Competition Challenges Students to Design Zero Net Energy Homes
As climate change intensifies, many people are looking for ways to decrease their carbon footprint. And one the biggest barriers to leading an eco-friendly life can be our homes. Energy use, water use, and even the food we eat at home can have a huge impact on the environment. So for nearly two decades, the U.S. Department of Energy has held its Solar Decathlon: a competition that invites college students to create eco-friendly building designs.
UW-Milwaukee and UW-Madison are recruiting students to design zero net energy homes and those designs will then be available to Wisconsin residents. UW-Milwaukee Professor Mark Keane is leading that recruitment. "The goal is zero net. Wouldn’t it be great to get residential, commercial, architecture off the grid by using the power of the sun to get down to that point," says Keane.
The designs would also address water use. Keane explains that water use reduction design is growing more important as water becomes more precious in the 21st century. "What do we do with the rainwater on our property, and then what do we do with our wastewater once we use it? That can be framed by how the architect or the designer thinks about the site and how to control those avenues of supply," he says.

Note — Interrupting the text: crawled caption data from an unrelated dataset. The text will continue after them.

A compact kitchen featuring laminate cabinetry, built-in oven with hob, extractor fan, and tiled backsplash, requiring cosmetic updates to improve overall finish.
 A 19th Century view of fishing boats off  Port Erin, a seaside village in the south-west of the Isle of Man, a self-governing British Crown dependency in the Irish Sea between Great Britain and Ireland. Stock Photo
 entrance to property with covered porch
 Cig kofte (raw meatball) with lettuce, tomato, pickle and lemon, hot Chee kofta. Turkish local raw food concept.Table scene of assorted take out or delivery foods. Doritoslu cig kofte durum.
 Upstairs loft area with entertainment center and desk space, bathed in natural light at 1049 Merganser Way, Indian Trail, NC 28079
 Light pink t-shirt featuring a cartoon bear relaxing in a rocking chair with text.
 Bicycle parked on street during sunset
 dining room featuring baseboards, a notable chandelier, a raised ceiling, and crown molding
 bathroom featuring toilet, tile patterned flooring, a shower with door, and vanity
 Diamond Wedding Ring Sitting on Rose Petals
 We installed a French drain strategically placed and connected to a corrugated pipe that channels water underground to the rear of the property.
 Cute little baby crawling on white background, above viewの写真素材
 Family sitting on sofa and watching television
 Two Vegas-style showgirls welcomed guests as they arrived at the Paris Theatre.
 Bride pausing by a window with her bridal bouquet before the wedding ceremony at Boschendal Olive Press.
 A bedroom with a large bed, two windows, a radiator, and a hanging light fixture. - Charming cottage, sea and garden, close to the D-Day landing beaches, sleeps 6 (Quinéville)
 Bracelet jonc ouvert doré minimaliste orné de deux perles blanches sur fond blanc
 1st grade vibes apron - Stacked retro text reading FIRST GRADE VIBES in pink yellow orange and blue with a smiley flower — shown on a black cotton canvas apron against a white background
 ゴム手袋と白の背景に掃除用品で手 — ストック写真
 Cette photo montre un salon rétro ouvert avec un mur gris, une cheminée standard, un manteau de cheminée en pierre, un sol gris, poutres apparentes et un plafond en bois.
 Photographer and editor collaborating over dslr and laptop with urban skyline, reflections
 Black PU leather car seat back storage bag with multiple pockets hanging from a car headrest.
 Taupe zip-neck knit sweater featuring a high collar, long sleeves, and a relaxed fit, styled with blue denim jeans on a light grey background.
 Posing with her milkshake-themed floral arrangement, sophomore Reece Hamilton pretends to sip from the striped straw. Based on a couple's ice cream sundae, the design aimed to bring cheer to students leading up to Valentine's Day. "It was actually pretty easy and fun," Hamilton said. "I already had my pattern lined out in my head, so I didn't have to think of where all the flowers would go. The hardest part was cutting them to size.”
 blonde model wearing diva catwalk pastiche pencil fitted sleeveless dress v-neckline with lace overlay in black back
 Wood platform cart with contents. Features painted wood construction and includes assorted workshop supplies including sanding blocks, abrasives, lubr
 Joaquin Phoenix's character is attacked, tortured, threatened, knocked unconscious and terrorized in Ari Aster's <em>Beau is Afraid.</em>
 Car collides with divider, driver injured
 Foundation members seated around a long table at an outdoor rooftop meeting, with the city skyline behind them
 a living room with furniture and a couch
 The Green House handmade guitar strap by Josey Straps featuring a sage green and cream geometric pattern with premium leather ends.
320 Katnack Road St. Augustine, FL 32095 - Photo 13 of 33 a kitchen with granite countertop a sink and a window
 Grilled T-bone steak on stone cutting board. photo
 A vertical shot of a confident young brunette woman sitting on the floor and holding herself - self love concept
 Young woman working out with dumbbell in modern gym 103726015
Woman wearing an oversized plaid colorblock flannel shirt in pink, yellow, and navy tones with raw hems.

While zero net energy homes provides a myriad of benefits, Keane notes that it may take awhile for those homes to be commonplace. "It'll be really difficult in our climate to get a lot of low income homes or starter homes for people off the grid until we get to the point where it becomes common. When you start up ideas like this, the first offshoots are much more expensive per unit until you have that volume," Keane explains.
Keane says this is a chance for students to not only create something that could help improve the environment but give them hands on experience as well. "It's great for our students because sometimes in academia, you get too distant from the actual feet-on-the-ground client's needs. So when they actually have to build out their home, they learn that part of the practice too."